Harleys klassische Luftgekühlte standen bisher für möglichst wenig Faketechnik (eigentlich war nur die Softailschwinge eine solche), deswegen stand Harley immer im Zentrum des Umbauer-Universums und die modernen Moppeds als Inbegriff der Faketechnik (= nichts ist das, was es zu sein scheint, der eigentliche Content ist hinter nichtssagenden Covern versteckt, weil abgrundtief hässlich) ganz am Rande. Das ist bei Harley gerade am Kippen. Ich hätte den Engineeringaufwand dafür verwendet, so wie bei BMW’s R18, RE und Indians Thunderstroke-Reihe als Alleinstellungsmerkmal weiterhin sowenig Faketechnik wie möglich zu verwenden. Der Content ist bei diesen Beispielen ansehnlich, vorzeigbar und erfordert damit einen erheblich höheren Engineeringaufwand als die Technik mit Waschmaschinenoptik.

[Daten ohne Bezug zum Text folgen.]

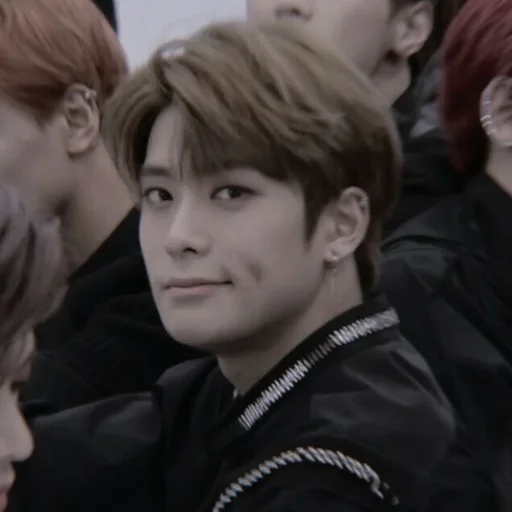 Стикер taeyong nct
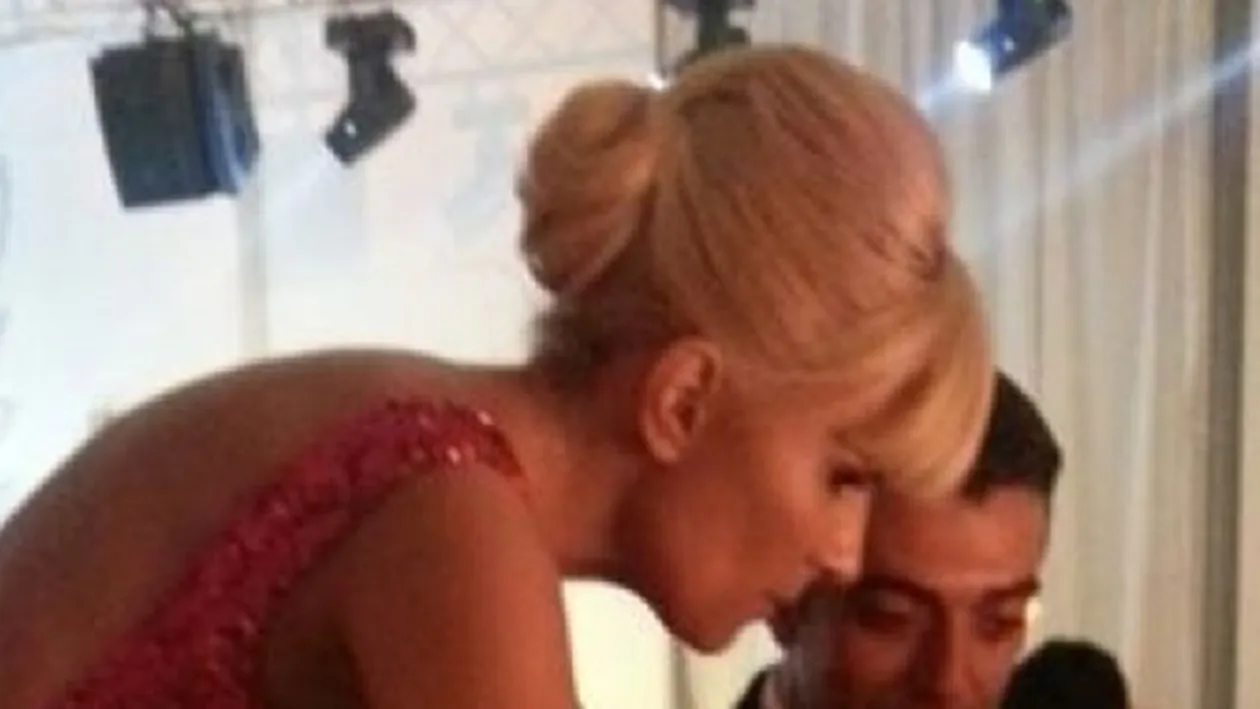 Elena Udrea, mult prea provocatoare la nunta Robertei Anastase! A facut furori cu o rochie cu vedere la sani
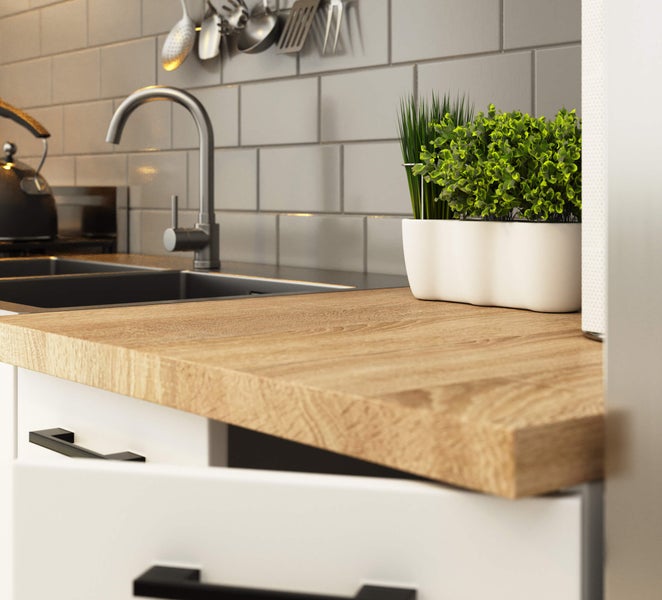 Küchenszene mit Spüle, Armatur, Arbeitsplatte und Dekoration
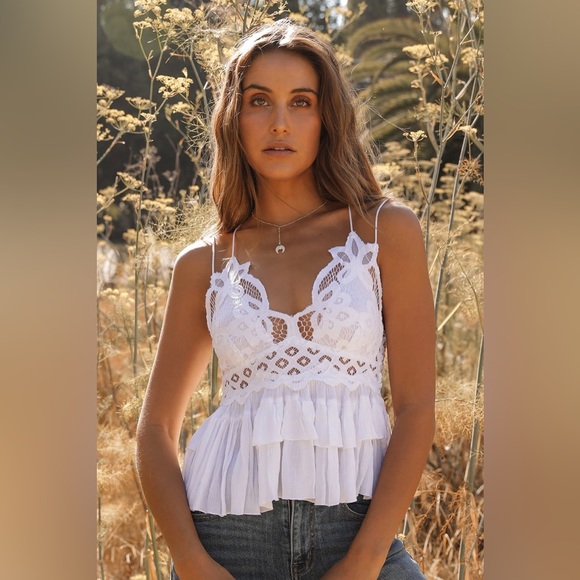 🌟LAST ONE! FREE PEOPLE ADELLA CAMI TANK-White Color-Size Medium - Picture 7 of 16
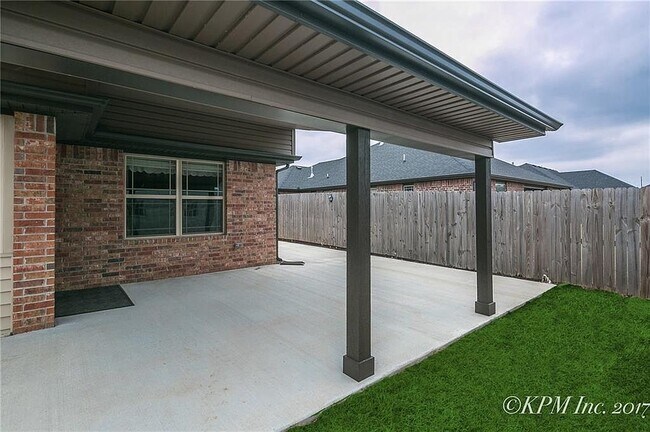 Covered Back Patio - 1805 SW Cypress St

Fake ist daran im Grunde, dass eine hochmoderne Maschine auf gefakte Altoptik der klassischen Sportster getrimmt wurde. Damit ist es ein Commodity-Produkt. Wie jeder Betriebswirt weiß, lässt sich Commodity nur über Zahlen verkaufen: und zwar über das Verhältnis der technischen Parameter, i.e. der Leistungen im weiteren Sinne zum Preis. Das ist exakt das Gegenteil zu Premium. Hier lassen sich hohe Preise über die Alleinstellungsmerkmale erzielen, obwohl die technischen Parameter i.e. Leistungen weit unter dem Marktstandard liegen. Ein schönes Beispiel sind mechanische Uhren wie Rolex oder Jäger le Coultre, deren technische Parameter und Leistungen nicht im entferntesten die einer digitalen Kaufhaus — Uhr erreichen.
So driftet Harley ab ins Beliebige. Was an dieser modernen Ausrichtung noch Alleinstellungsmerkmal sein soll, ist mir schleierhaft

. KTM’s und Ducati‘s V2‘s reichen technisch fast an diesen Motor ran und werden ihn beim nächsten Update übertreffen. Ob Harley bei diesem Parameter-Rattenrennen auf Dauer mithalten kann? Nichts verkauft sich schlechter als veraltete Leistungsmerkmale moderner Technik.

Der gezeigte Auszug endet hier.